__The task__:
In the material below, the required lines run from the one containing "105 Columbus Ave, Little Ferry, NJ 07643" through the one containing "Csepp Nyaralohaz Medencevel *". Copy those lines exactly, ends included, and nothing else.

__Source data__:
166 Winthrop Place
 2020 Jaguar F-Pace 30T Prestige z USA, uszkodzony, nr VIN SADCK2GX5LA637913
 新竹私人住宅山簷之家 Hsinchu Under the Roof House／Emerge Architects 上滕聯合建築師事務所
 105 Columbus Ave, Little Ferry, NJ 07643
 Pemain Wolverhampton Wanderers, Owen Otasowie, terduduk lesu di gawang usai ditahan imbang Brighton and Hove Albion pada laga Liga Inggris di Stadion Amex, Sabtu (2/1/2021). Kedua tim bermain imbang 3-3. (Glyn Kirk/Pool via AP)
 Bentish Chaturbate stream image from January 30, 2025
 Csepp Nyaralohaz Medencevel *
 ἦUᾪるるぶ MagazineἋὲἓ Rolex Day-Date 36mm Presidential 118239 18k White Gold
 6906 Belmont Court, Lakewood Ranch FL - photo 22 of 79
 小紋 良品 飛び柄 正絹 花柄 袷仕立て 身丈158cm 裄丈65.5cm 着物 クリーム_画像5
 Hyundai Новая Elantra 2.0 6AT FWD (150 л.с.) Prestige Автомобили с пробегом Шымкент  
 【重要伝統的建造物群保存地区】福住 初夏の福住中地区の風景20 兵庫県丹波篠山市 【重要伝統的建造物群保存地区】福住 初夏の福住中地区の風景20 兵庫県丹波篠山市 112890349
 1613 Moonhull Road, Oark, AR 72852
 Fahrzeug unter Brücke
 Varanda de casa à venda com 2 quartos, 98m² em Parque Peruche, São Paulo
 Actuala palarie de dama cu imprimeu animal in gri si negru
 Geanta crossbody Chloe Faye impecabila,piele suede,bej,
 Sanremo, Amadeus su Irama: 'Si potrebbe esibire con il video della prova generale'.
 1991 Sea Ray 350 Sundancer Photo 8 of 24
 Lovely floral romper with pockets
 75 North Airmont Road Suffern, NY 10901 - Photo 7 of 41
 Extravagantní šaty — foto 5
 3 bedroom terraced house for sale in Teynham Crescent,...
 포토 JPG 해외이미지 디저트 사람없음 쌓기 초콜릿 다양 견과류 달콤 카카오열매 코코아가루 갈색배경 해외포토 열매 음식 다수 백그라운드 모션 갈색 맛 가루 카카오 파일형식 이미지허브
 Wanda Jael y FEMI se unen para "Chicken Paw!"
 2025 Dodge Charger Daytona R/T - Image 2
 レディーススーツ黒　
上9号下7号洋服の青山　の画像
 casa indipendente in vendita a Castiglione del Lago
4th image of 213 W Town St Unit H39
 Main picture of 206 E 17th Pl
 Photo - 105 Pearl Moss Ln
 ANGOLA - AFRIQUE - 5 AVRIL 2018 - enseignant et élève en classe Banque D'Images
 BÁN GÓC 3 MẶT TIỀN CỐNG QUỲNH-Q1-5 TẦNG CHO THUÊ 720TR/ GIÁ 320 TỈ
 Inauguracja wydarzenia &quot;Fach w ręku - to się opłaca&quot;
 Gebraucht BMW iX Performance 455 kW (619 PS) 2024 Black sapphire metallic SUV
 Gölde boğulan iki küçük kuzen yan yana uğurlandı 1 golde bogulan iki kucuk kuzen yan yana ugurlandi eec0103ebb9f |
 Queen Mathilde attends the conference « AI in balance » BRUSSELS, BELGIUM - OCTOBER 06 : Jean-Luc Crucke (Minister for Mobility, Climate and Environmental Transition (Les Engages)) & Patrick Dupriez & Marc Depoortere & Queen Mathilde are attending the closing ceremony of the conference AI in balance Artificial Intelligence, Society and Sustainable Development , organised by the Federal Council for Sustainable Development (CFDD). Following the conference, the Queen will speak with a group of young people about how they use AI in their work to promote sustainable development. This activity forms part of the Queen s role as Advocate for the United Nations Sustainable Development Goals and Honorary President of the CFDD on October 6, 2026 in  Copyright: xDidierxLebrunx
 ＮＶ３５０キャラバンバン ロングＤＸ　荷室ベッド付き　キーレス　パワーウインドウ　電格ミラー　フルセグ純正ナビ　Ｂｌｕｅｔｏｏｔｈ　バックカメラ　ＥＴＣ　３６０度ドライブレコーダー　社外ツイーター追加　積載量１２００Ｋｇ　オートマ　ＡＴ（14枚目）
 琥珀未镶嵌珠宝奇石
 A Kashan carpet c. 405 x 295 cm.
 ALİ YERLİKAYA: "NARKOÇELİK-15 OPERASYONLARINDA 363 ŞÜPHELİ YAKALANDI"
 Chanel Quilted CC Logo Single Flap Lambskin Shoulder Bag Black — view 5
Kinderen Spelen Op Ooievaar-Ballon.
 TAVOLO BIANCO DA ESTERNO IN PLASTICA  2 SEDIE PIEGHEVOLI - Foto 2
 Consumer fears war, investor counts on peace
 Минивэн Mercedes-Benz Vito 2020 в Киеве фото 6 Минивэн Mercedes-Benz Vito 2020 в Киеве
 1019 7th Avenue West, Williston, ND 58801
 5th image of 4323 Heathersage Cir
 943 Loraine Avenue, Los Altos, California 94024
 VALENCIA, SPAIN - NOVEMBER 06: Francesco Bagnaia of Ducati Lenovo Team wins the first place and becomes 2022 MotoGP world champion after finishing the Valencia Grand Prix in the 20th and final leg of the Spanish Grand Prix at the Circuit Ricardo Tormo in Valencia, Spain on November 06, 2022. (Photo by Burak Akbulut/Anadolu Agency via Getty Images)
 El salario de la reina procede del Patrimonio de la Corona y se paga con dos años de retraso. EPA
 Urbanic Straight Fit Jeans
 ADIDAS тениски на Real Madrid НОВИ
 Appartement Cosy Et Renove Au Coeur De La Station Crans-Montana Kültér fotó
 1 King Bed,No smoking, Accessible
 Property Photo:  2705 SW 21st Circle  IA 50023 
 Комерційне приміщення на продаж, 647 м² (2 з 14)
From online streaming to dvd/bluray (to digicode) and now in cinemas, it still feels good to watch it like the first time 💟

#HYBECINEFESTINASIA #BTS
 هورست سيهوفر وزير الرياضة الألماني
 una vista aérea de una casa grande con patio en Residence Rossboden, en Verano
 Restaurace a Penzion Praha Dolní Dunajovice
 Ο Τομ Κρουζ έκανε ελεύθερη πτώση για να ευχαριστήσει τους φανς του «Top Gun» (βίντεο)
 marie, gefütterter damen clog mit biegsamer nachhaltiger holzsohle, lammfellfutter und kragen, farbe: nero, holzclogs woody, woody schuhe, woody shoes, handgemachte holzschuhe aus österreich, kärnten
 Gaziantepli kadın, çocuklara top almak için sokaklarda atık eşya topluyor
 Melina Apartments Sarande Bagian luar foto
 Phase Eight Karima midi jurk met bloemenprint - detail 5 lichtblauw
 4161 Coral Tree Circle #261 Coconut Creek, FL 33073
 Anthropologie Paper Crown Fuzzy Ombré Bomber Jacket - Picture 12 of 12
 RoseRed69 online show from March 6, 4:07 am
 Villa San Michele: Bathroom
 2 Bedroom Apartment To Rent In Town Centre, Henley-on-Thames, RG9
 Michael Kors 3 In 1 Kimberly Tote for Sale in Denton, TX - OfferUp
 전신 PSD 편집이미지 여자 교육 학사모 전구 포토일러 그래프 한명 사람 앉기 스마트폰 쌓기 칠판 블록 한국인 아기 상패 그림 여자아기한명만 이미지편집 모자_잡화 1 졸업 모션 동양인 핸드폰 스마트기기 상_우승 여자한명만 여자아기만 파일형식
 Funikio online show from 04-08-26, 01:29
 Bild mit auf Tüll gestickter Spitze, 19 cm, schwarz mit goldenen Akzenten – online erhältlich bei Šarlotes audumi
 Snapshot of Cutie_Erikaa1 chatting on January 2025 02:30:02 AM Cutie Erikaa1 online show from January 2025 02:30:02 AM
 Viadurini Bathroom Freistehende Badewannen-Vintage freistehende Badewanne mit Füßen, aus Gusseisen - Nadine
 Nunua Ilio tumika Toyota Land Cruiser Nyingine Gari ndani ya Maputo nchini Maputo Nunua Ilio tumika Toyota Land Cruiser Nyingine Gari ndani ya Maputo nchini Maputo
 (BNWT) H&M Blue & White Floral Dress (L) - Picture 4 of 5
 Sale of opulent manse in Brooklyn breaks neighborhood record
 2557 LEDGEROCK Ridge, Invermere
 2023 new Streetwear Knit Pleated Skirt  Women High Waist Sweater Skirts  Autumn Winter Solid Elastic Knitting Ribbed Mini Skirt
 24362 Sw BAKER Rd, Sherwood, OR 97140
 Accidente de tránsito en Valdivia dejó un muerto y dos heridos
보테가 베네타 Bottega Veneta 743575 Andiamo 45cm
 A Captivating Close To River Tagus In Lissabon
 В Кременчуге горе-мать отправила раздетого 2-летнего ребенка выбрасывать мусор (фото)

__Exercise result__:
 105 Columbus Ave, Little Ferry, NJ 07643
 Pemain Wolverhampton Wanderers, Owen Otasowie, terduduk lesu di gawang usai ditahan imbang Brighton and Hove Albion pada laga Liga Inggris di Stadion Amex, Sabtu (2/1/2021). Kedua tim bermain imbang 3-3. (Glyn Kirk/Pool via AP)
 Bentish Chaturbate stream image from January 30, 2025
 Csepp Nyaralohaz Medencevel *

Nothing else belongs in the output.